Rachleff and the other students wear a t-shirt labeling them as the U.S. census would have defined them in different decades throughout history. From slave to Negro to Black or Indian to Eskimo to Alaskan Native this image is meant to help visitors conceptualize the role the government might play in creating racial labels.

The Mellon Mays fellowship is a 20- year old national program that includes 39 colleges and universities and encourages students of color to do research and attend graduate school. Macalester has been participating for five years and this year’s fellows were approached by exhibit designer Robert Garfinkel to participate.

“They wanted a group of ethnically diverse individuals willing to let their bodies be used to show how the census influences racial perceptions. I further wanted the students to use their minds, in addition to their bodies, to help represent this complex issue to the public,” Rachleff said.

Rachleff said he is pleased that the fellows’ contribution will remain a prominent part of the exhibit as it travels from city to city for the next seven years.

Rachleff said the exhibit accomplishes the often-difficult task of bringing an academic issue to a broader audience.

“When exploring the social construction of race, the exhibit creates a solid discussion of the material dimensions of race: healthcare, housing, etc. The terms and categories used by the census are influential beyond just what people look like,” Rachleff said.

Many other Macalester students have already had a chance to visit the exhibit. “You always have your own viewpoint about what race is based on your own experience,” Kari Tanaka ’08 said. “The exhibit shows how to look at race as a whole.”

Megan Thompson ’08, a psychology major, said, “I wish that some of my friends from high school that aren’t as socially aware or know people of different races could come to this exhibit and see how similar we all really are.”
Both Tanaka and Thompson come from multi-ethnic families, African-American/ Native-American and Japanese/caucasian respectively, and commented that it was nice to hear other people’s experiences dealing with the “what race are you” question. For them, the experience confirmed existing impressions on race but also offered new information to which they could relate.

Tanaka said that Macalester’s emphasis on multiculturalism and diversity is reflected in the exhibit: “I think Macalester is already very racially conscious and many of the social science classes I’ve taken have discussed these sorts of issues. But being at the exhibit and seeing others, particularly younger kids, learning that though we may view each other differently, we really aren’t that different, was truly inspiring.”
From human origins in Africa to the creation of race to the history of affirmative action to how sunlight really decides the color of your skin, the exhibit is at the Science Museum until May 6. The cost is included in the price of general admission which is $9.50 for students.
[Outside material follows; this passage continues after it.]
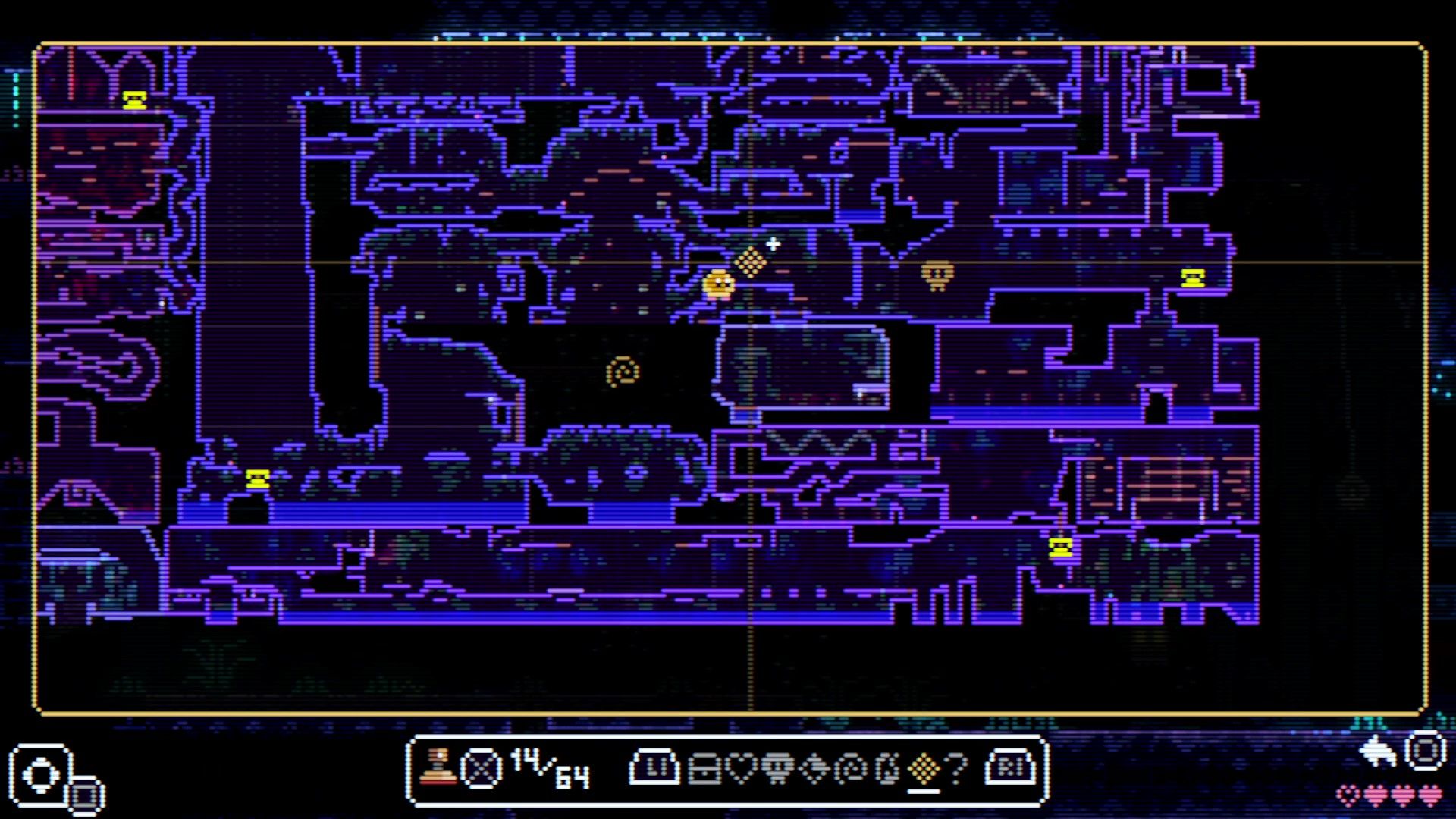 A map marking where the frog warp point can be found in Animal Well.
For those interested in further exploration race related issues, there are many other upcoming opportunities. In addition to the Science Museum exhibit, the Walker Art Center is also featuring an exhibition that deals with race. Kara Walker’s art will be displayed in the “My Complement, My Enemy, My Oppressor, My Love” exhibit from February 13 to May 17.

In celebration of these exhibits the Macalester American Studies Department’s eighth annual conference will be sponsoring bus trips to see them as well as offering speeches by exhibit designer Robert Garfinkel, the Mellon Mays fellows, and prominent USC scholar in African American history Robin D. G. Kelley. The conference will be held the weekend of February 23 and more information is available in the American Studies department.